As environmental crime continues to escalate globally, causing severe and often irreversible harm to ecosystems, biodiversity and human health, while undermining governance and the rule of law, the European Union has adopted Directive (EU) 2024/1203 on the protection of the environment through criminal law, significantly strengthening the legal framework for the prevention and prosecution of environmental offences
With EU Member States required to transpose the Directive by mid-2026, UNICRI, Stop Ecocide International, John Cabot University, and SIOI are organizing the conference “Ecocide and Environmental Crime: International Developments and Italy’s Transposition of EU Directive 2024/1203”, to be held on Friday, 30 January 2026, from 10:00 to 13:00, at the Aula Magna Regina, John Cabot University, Rome.
The conference will provide a timely forum to examine the implications of the Directive for the Italian legal system and to engage with the evolving international debate on the recognition of ecocide-like conduct as one of the most serious forms of environmental crime.
Strengthening criminal law responses to environmental harm
Directive (EU) 2024/1203 replaces previous EU legislation on environmental crime and establishes minimum rules to ensure stronger, more coherent criminal law protection of the environment across Member States. Key elements include:
An expanded catalogue of environmental offences, including acts and omissions, digital conduct, and activities carried out under unlawfully obtained permits;
Criminal liability for harmful emissions and pollution causing, or risking, serious environmental or human harm;
Aggravated offences for widespread, long-lasting or irreversible damage to ecosystems or protected habitats;
Enhanced liability of legal persons, including high-level fines, accessory penalties, and obligations to restore environmental damage;
Confiscation of illicit profits, with the possibility of using seized assets for environmental restoration;
Stronger investigative powers, cross-border cooperation, and protection for whistleblowers and civil society actors.
Where intentional offences result in catastrophic environmental damage, the Directive provides for aggravated criminal offences encompassing conduct comparable to what is increasingly referred to as ecocide in international legal discussions.
High-level speakers and multidisciplinary perspectives
The conference will bring together leading voices from international organizations, EU institutions, academia, law enforcement and civil society, including:
Jojo Mehta, Co-Founder and Executive Director, Stop Ecocide International
Corrado Clini, former Minister of the Environment, SIOI Representative
Prof. Fausto Pocar, Emeritus Professor of International Law; former Judge of the ICTY and the ICJ
Prof.

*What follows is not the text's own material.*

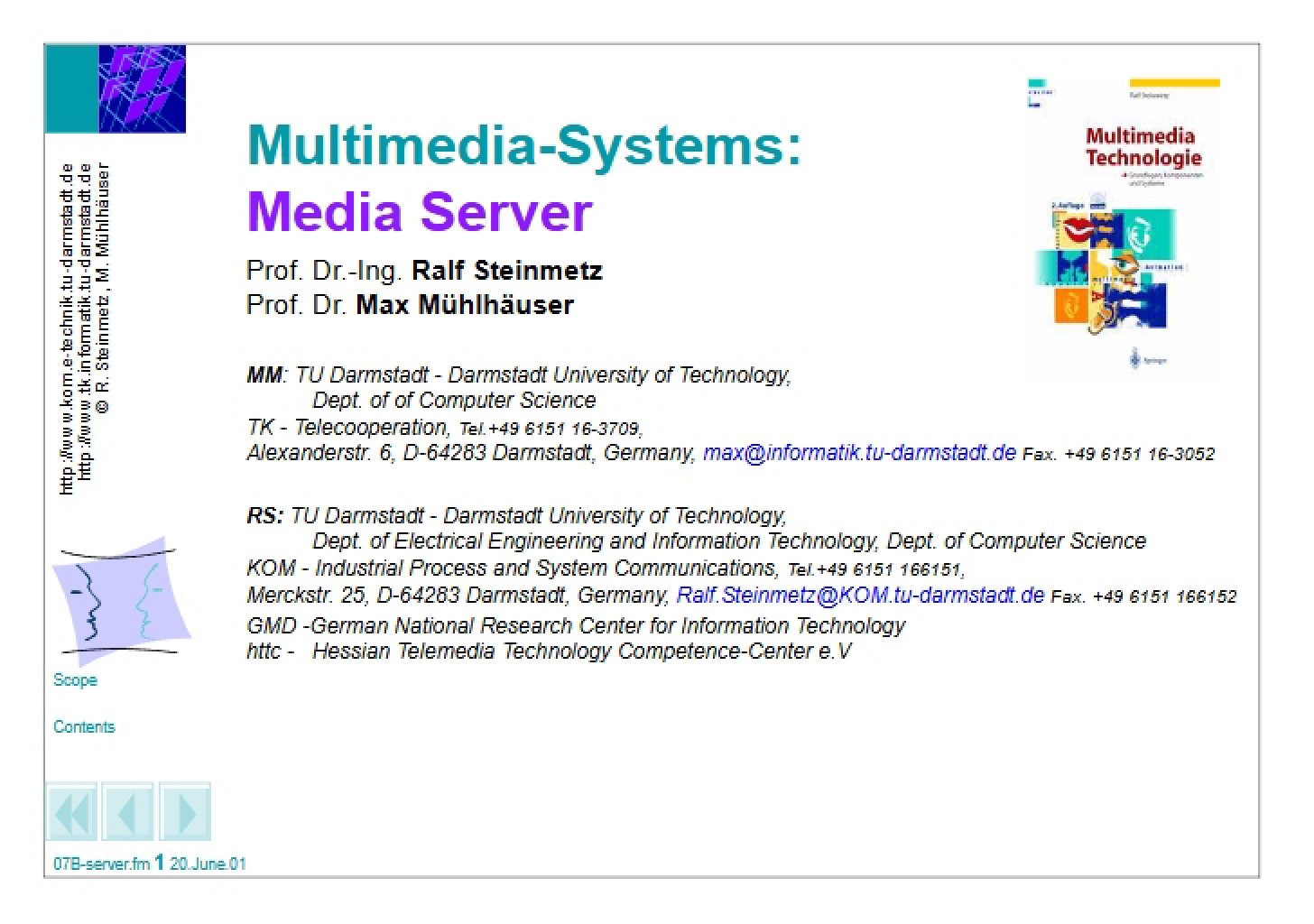 Media Server for Multimedia Systems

Emanuela Fronza, Associate Professor of Criminal Law, University of Bologna
Elisabetta Reyneri, Directorate-General for Environment, European Commission
Sergio Nazzaro, Environmental Crime Research Centre; Parliamentary Anti-Mafia and Eco-Mafia Commissions
Marco Letizi, former Colonel, Guardia di Finanza; International Consultant
Domenico Aiello, Head of Legal Protection for Nature, WWF Italy
Through a multidisciplinary dialogue, the event will explore how criminal law can more effectively respond to environmental harm, support the green transition, and strengthen the rule of law in the face of increasingly complex and transnational environmental crime.